Grafen tabakalarının dağılımını homojenize etmek için ultrasonik kuvvet kullanılabilir. Fakat uzun süre yüksek ultrasonikasyona maruz bırakmanın kompozit özelliklerine zararlı olabilecek grafen tabakalarında defektlere sebep olabileceği unutulmamalıdır. Grafen tabakalarını fonksiyonlaştırma, su ve diğer çözücülerde dispersiyonu sağlamaya yardımcı olabilir. Harmanlama sırasında polimer, tabakaların yüzeyini kaplar ve çözelti uzaklaştırıldıktan sonra her bir tabakayı birleştirir. Dağılım, spin kaplama ya da damla düşürme yönteminin kullanılması ile kontrol edilebilir. Grafen-PVA (Jiang ve ark., 2010), GO-PVA (Liang ve ark., 2009), Grafen–PVC (Vadukumpully ve ark., 2011), GO-PVA tabaka tabaka yükleme (Zhao ve ark., 2010), ve İGO-PVDF (Ansari ve ark., 2009) gibi çeşitli polimer kompozitler bu teknik kullanılarak hazırlanmıştır.

1.6.1.2. Eriterek Karıştırma (Melt Mixing)

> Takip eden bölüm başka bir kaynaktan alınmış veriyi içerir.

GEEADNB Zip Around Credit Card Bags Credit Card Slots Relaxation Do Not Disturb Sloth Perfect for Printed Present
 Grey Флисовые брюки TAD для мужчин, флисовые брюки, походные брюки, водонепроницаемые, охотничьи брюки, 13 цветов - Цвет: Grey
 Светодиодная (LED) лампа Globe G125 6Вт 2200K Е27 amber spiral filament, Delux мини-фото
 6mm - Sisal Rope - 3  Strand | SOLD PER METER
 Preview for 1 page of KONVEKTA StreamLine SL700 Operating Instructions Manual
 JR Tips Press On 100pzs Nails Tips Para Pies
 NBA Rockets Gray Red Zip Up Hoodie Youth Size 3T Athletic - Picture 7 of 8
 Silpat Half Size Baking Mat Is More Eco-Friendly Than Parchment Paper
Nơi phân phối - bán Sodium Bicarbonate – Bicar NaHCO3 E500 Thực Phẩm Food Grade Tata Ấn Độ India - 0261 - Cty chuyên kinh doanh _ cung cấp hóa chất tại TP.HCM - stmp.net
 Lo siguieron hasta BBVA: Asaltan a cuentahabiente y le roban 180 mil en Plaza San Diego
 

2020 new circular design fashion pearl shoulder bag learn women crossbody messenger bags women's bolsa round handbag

Eriterek karıştırma tekniği, yüksek sıcaklık ve matriks polimerinde dağılımı arttırmak amacıyla “shear” kuvveti kullanılır. İşlem sırasında toksik çözücü kullanımdan sakınılmalıdır. Yüksek sıcaklık, polimer fazının sıvılaşmasını ve GO tabakaları arasındaki dağılımı kolaylaştırmaktadır. Eriterek karıştırma yöntemi, grafen tabaklarının yüklenmesi sonucu oluşan yüksek viskoziteden dolayı çözelti harmanlama yöntemine göre daha az verimlidir. İşlem hem polar hem apolar polimerlere uygulanabilir. Ayrıca bu teknik, geniş ölçekli termoplastik üretiminde oldukça pratik bir yöntemdir. Exfoliye Grafit-PMMA (Kalaitzidou ve ark., 2007), Grafen-Polipropilen (PP), GO-polietilen-2,6-naftalat (PEN) (Kim ve Macosko, 2008)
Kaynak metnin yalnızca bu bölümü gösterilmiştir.